Figure 2. Scatter plots of 1,568 argument applicability scores (eight types of arguments by 196 moral opinions), measured in different groups in the United States: women vs. men (A), younger vs. older (B), liberals vs. conservatives (C), higher vs. lower education (D), and higher vs. lower verbal ability (E). Regression lines in blue and reference lines for perfect agreement in black.

Perfect agreement between the subsamples would be represented by all dots laying on the 45 degree line through the origin (drawn in black). However, because our subsamples are of limited size, there will inevitably be some sampling error. With perfect agreement at population level between the sampled groups, the expected observed agreement under perfect true agreement is 0.94. As reported in Table 2, the CCC values we observed were extremely close to 0.94. In two cases (sex and education) the null hypothesis of perfect agreement between populations could not be rejected, while for the other cases we must conclude that agreement is not perfect but very nearly perfect.

TABLE 2

Table 2. CCC values with 95% confidence interval.

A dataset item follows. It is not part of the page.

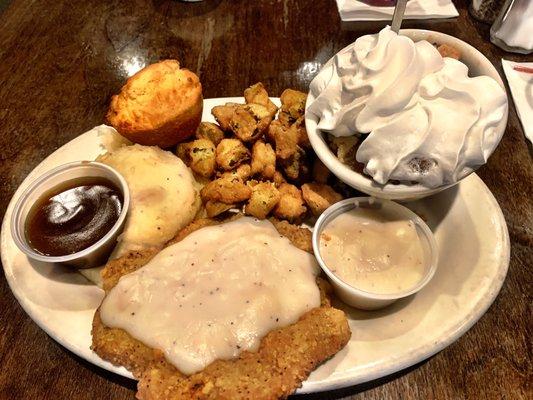 Country fried steak, mashed potatoes, fried okra and apple berry crisp for dessert. Yum!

In addition to the 45 degree line through the origin, each scatter plot in Figure 2 includes the regression line that best fits the data. The two lines are typically very close to each other, meaning that there was no systematic disagreement between the two groups that were compared. Instead the observed disagreement was chiefly non-systematic, in the form of “noise” around the regression line that inevitably comes with sampling error. Similar results were obtained with individual-level logistic regressions, performed separately for each combination of a specific moral opinion and a specific moral concern. Supplementary Figures 1, 2 show that strong effects of individual characteristics and their interactions are rare and mostly within what would be expected by chance.

Note, however, that the slope of the regression line in Panel E is noticeably <45 degrees. This indicates that ratings of the applicability of arguments for different moral opinions were less distinct in the lower verbal ability sample (on the y-axis) than in the higher verbal ability sample (on the x-axis). We therefore examined the variance in ratings of different moral opinions and found that it was consistently smaller in the lower ability sample than in the higher ability sample; the variance ratio between the two subsamples was well below 1 for all types of arguments, ranging from 0.52 (ingroup) to 0.73 (government). We return to this observation in the general discussion.

In conclusion, Study 1 demonstrated two important things about the applicability of moral arguments. First, each kind of moral argument applied strongly to certain moral opinions, while applying weakly to certain other moral opinions, and not at all to some opinions. Second, to measure this variation in argument applicability across opinions, it did not matter who we asked; different populations were in near-perfect agreement.